Talking only about the youth vote is not effective for young folks, Rahhel says: “I think midterms are important, and I don’t want to diminish their importance, but I think so many people talk about long-term work and long-term power-building with young people, but then just kind of pause for the election.” Instead, Minnesota Youth Collective is talking about the election within the context of its other work, including a neighborhood-by-neighborhood organizing program.

While knocking on doors in 2021, Rahhel recalls, a young person shared that he didn’t really vote. “I said, ‘These two ballot initiatives [on rent stabilization and reimagining community safety] are really important,’ and explained them. He was like, ‘Oh, this is great, because it’s a policy-centered election, not a people-centered election.’” That, to Rahhel, illustrates the importance of connecting issues to voting — young people want to see tangible changes because of their votes.

There’s similar energy in Colorado, where New Era Colorado has been a force within the state’s electoral politics for 16 years; the group has registered more than 250,000 young voters.

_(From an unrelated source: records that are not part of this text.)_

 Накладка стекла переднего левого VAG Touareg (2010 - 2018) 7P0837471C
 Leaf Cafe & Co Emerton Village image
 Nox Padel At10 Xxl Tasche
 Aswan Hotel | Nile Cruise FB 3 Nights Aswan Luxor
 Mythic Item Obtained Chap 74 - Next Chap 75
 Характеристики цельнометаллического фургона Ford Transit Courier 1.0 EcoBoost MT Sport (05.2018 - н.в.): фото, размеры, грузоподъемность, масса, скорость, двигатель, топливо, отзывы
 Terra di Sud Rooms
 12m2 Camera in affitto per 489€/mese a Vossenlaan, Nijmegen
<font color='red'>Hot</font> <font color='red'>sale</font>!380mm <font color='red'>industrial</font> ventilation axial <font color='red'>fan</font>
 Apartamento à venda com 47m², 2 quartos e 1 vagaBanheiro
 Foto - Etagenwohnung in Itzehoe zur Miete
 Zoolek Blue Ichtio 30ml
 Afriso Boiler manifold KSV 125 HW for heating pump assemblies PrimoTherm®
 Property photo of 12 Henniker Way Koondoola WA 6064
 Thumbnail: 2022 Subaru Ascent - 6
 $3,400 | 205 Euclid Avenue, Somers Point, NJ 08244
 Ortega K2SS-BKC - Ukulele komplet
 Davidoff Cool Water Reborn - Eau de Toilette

The work done by New Era, plus changes to election access policy, brought record youth turnout in 2020. (Since 2020, Colorado has had automatic voter registration. New Era also worked in coalition to pass online voter registration and the Colorado Votes Act, which includes a provision to expand polling location access on college campuses.) Following the record turnout in 2020, executive director Nicole Hensel tells Teen Vogue, “we really asked ourselves: What are we wielding all of this political power for?” 

Over the course of a yearlong listening tour, young people offered specific answers: The result is the Youth Agenda, an issue platform shaped by young Coloradans that includes climate justice, reproductive rights, higher education and student debt, democracy reform, immigrant rights, LGBTQ rights, and more, with a set of demands for each issue, and more than 18 signs-on from partner organizations who lead on various issues.

New Era’s field program has shifted too: They register voters, Hensel says, but they’re leading with issues rather than voter registration. The organization is most effective at the local level, Hensel adds, including focus on Youth Agenda wins at the city council level and on municipal ballot measures, and working within regional hubs so organizers can be responsive to local needs. “Whether it’s in Durango, in southwest Colorado, or Denver, Boulder, Fort Collins,” says Hensel, “we can be really responsive to any local measures or races that are happening there.” 

New Era knew the Youth Agenda was going to make people uncomfortable “who were always very comfortable with New Era when we were just turning out the youth vote and not asking for anything in return,” Hensel says. “Now that we’re asking for something in return, it makes people nervous.” Historically, though, the role of young people in society has been “imagining a future that doesn’t already exist.”